The Use of Stacked ABR for the Assessment of Hearing Preservation in Acoustic Neuroma Resection
Patients with small acoustic neuromas and good hearing are faced with a choice of treatment options. Whether they choose to undergo microsurgical resection or stereotactic radiotherapy (such as with Cyberknife) can be largely influenced by the likelihood of hearing preservation. The short-term rates of hearing preservation with stereotactic radiation are excellent, but given the persistence of tumor and possible long-term neurovascular changes, hearing levels may deteriorate with time. Microsurgery in contrast, often places additional risks to hearing in the short term. However, the expectation for maintaining hearing that is present post-operatively is quite favorable. Unfortunately, there is a current lack of preoperative predictors of which patients are more likely to retain hearing through a surgical procedure.
The Stanford Departments of Otolaryngology and Audiology are engaged in a prospective clinical trial to assess innovative of electrophysiologic testing to predict the success of hearing-preservation attempts. The study applies highly sensitive auditory brainstem response techniques (“stacked ABR”) that may be an accurate predictor of the potential for an involved cochlear nerve to withstand surgical manipulation and tumor extraction.
The development of such non-invasive preoperative predictors will substantively assist with patient counseling and treatment planning in patients with acoustic neuromas. Given this additional information, patients and their clinicians may make better-informed decisions about the pursuit of treatment options.
Non-invasive Diagnosis of Cholesteatoma using High-Resolution Diffusion-Weighted MRI Sequences
The Department of Otolaryngology, in conjunction with the Department of Radiology, is engaged in a prospective study to establish the efficacy of innovative MRI techniques in the diagnosis of cholesteatoma. Standard diffusion-weighted MRI is capable of detecting intratemporal squamous epithelium. However, it is subotipmal in its anatomic resolution and is subject to significant artifacts, both of which limit its clinical utility.
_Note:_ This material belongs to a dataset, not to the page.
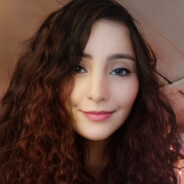 GroobyGirl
Our protocol involves the use of new signal processing techniques (SENSE-DWI). The resulting improved images have the potential to make MRI clinically useful in treatment planning for patients with possible occult cholesteatoma. Patients in whom a second-look procedure is contemplated may benefit greatly from this non-invasive imaging modality.
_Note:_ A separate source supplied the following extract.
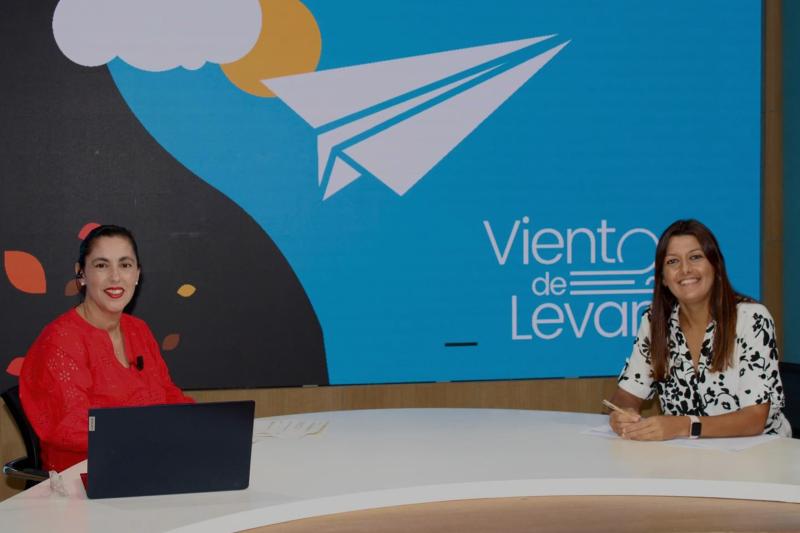 Aznar destaca els més de 158.000 euros per a la millora d'instal·lacions en la Residència de Majors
Innovations in Cochlear Implant Technology
In 1964, the first human multichannel cochlear implant was placed at Stanford. The Department of Otolaryngology continues this long history of innovation in the development and application of inner ear prostheses. Related basic science projects include the application of stem-cells for inner ear regeneration, computational modeling of inner ear function, and inner ear microendoscopy for therapeutics and inner ear microrobotics.
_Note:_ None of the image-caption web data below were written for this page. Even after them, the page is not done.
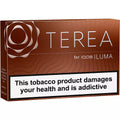 IQOS TEREA – BRONZE - Vape Shop Delhi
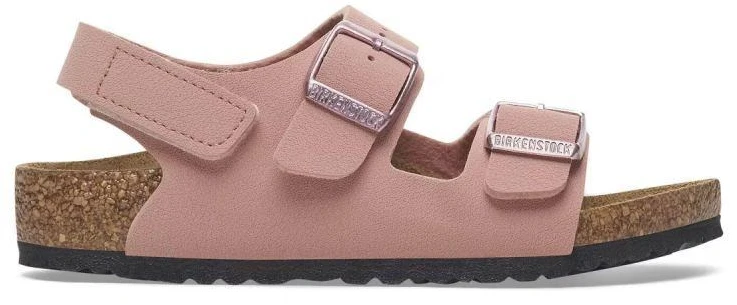Birkenstock Milano AS Jr 1029487 sandalai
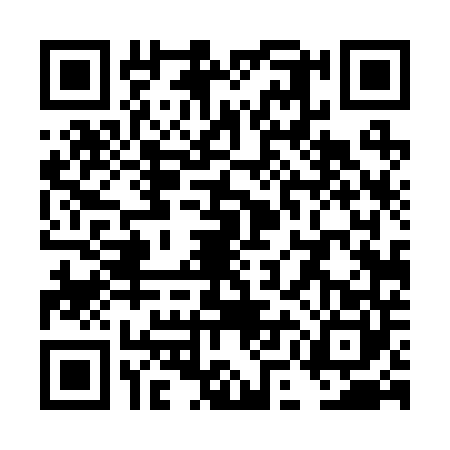 QR code for TMD2400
The LPCH/Stanford Cochlear Implant Center is actively involved in clinical trials for cochlear implants. We are a center for the clinical trial of the Nucleus Electrical-Acoustic Hybrid implant. These devices offer the potential benefits of cochlear implantation to the vast number of individuals who suffer from high frequency hearing loss, since residual acoustic hearing in the lower frequencies can be maintained.